Progmatically access a webpage and download a file

benperiton · September 14, 2019, 1:18pm

Hi,

I have a service that I use that doesn’t provide an API or FTP to get the data that I need, so at the moment it involves logging in, filtering on some dates, then downloading the file.

I’ve seen Chroxy, which looks like it might work using the ChromeRemoteInterface - has anyone used this for something like this? Alternatively, I could write it in JS and use Puppeteer, but how would I then call that from Elixir and process the resulting downloaded file? (It would also mean I would have to have NodeJS installed on the server, which although not a problem, just means another thing to keep updated)

Has anyone had to do this already?

Thanks!

josemrb · September 14, 2019, 3:30pm

I’ve used Hound to drive a Firefox session with Selenium.

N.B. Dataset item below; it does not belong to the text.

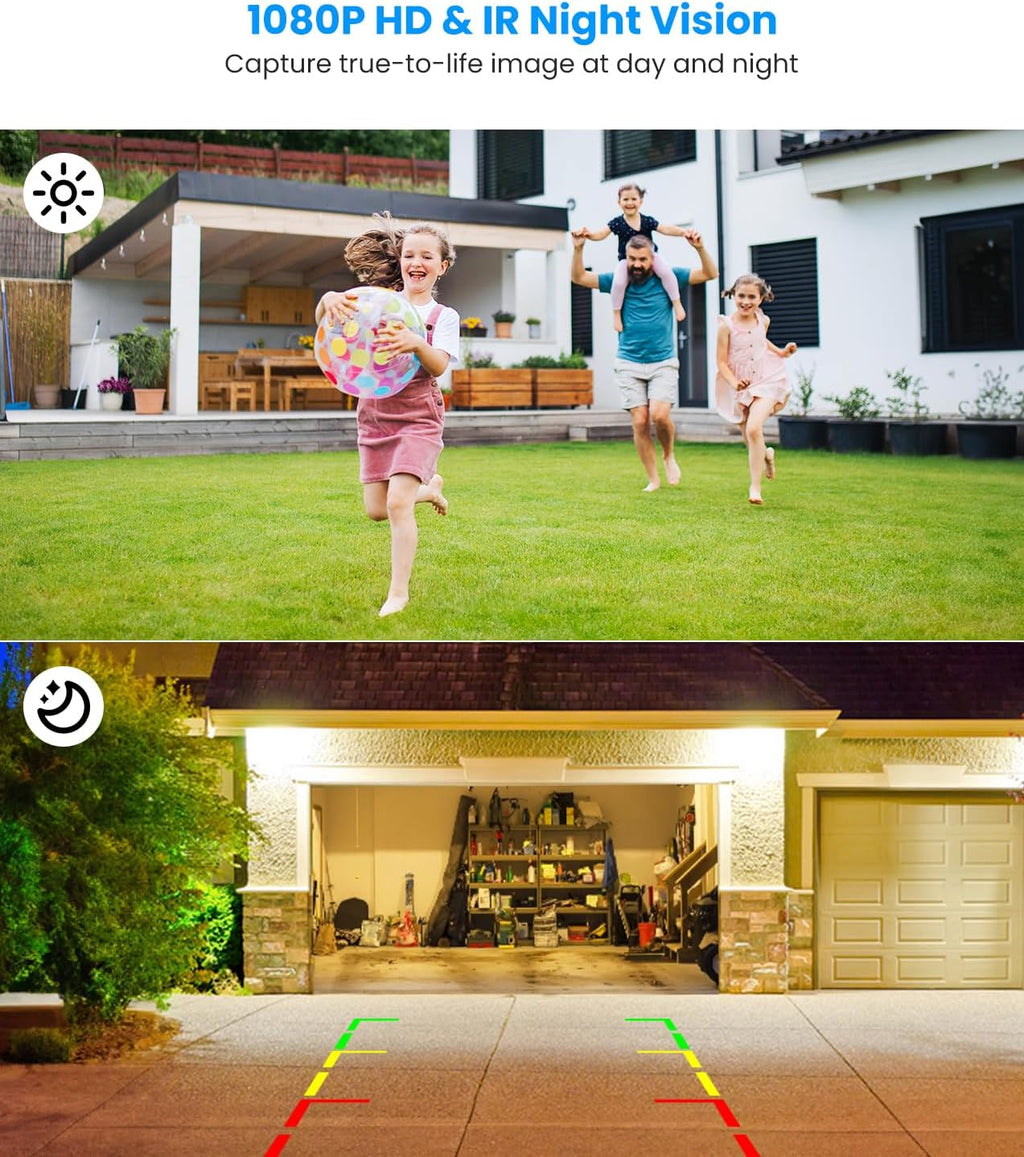 Solar Wireless Backup Camera:5" HD 1080P Monitor,3 Mins DIY Installation & 5000 Mah Battery Powered Solar Back up Camera Systems, IP69K Waterproof Reverse Camera for Car, Van, Truck, Trailer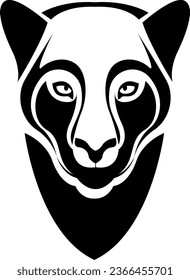 Panther head tattoo, tattoo illustration, vector on a white background.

You could try to navigate to the download page then grab the cookies and the URL from the generated link and use :httpc to download the file.

# Sample config for Hound
config :hound,
  browser: "firefox",
  driver: "selenium"

Also there is a ready to use Docker image with a compatible version of Selenium Standalone with Firefox installed.

$ docker run -d -p 4444:4444 --shm-size=2g selenium/standalone-firefox:3.4.0-francium

benperiton · September 14, 2019, 5:11pm

Thanks for the suggestion, but I fear it might be a bit too “heavy” for what I need
However for some E2E testing, it sounds like it would do the trick!